Eugenio Reyes: “La ‘cuidadanía’ se centra en cuidar las personas y la naturaleza”

Eugenio Reyes Naranjo, portavoz de Ecologista en Acción-Ben y experto en ecología integral y compromiso social, el ponente del tema “La ciudadanía, la ‘cuidarquía’ y la ‘cuidocracia’”, este martes 24 de marzo, en la Escuela de Formación Socio Política y Fe Cristiana de Canarias. La charla será a las 19:00 horas en la Casa de la Iglesia, y se puede seguir también en Zoom.
Para Reyes, “en la sociedad del mercado, la oferta y la demanda consumen los precios cuando hay escasez. En la sociedad de los cuidados, no sube el precio, sube la solidaridad”.
¿Cuáles son las ideas centrales de su ponencia?
Es simplemente incorporar los cuidados como eje central, donde el centro son las personas y no los materiales. Vivimos una sociedad que fundamentalmente ama las cosas y usa a las personas. Y se trata de invertir ese proceso en amar a las personas y usar las cosas.
La ciudadanía es un sistema reglado de derechos y deberes. La cuidadanía tiene sentido del deber y de los derechos, pero, sobre todo, es responsabilidad con la vida, con el planeta, con las personas, con la sociedad a través de los cuidados. Pone en valor que el origen de la sociedad son los cuidados y no la ciudadanía.
La cuidadanía se caracteriza en que la actividad en el mercado no hay comercio, no hay compra, sino cuimpra, se adquiere bienes para los cuidados y no existe propiedad privada, existe propiedad cuidada. Por consiguiente, no existe propietario sino cuidatario. Cuidatarios son las personas que cuidan los bienes para cuidar a las personas. Los que son depositarios de bienes no pueden ni contaminarlos ni degradarlos. Ya tú no eres propietario de nada, solo eres cuidatario.
¿Y en qué se diferencia con la ciudadanía?
La ciudadanía garantiza unos derechos mínimos, pero son los derechos de cara a la propiedad. Y aquí se cambia el eje: es la propiedad la que se regula para garantizar que los ciudadanos puedan ejercer la cuidadanía. Son los bienes los que se convierten en bienes cuidativos y no apropiativos.

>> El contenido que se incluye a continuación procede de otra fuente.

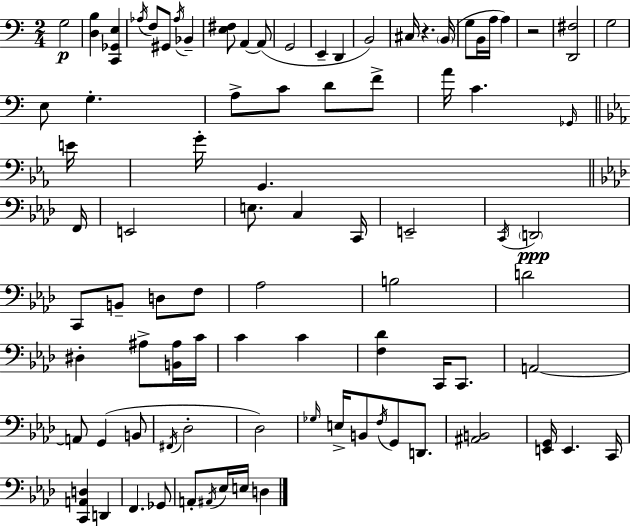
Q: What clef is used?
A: bass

¿A qué se va a referir con la cuidarquía?
A que no solo la ciudadanía es una práctica de sujetos activos que son cuidadanos en una estructura social, sino se genera un nuevo aparato público y un aparato de Estado. El Estado ya no es un garante de territorio, garante de los derechos civiles de los ciudadanos, sino que tiene que ser garante de los cuidados universales, incorpora la transformación de las fronteras. Las zonas son zonas de diálogo, de intercambio de civilizaciones y cultura. La ciudadanía mundial pasa a ser la cuidadanía mundial. Y eso necesita un gobierno, que es la cuidarquía, el gobierno de los cuidados.
Bueno, y en este panorama incluye la cuidocracia. ¿Qué es eso?
En nuevo poder del pueblo a través de los cuidados. Mientras que la cuidarquía es el gobierno, la cracia es el poder. Entonces el poder tiene que estar en los cuidados. Son los relatos del cuidado lo que determinan la organización de recursos, la organización de bienes. Y la democracia de los ciudadanos ahora va a ser sustituido por la cuidocracia. No sólo se puede votar lo que el derecho ciudadano quiere tener y hacer, sino tiene que estar embarcado en garantizar los cuidados de todas las formas vivas, puedan votar o no.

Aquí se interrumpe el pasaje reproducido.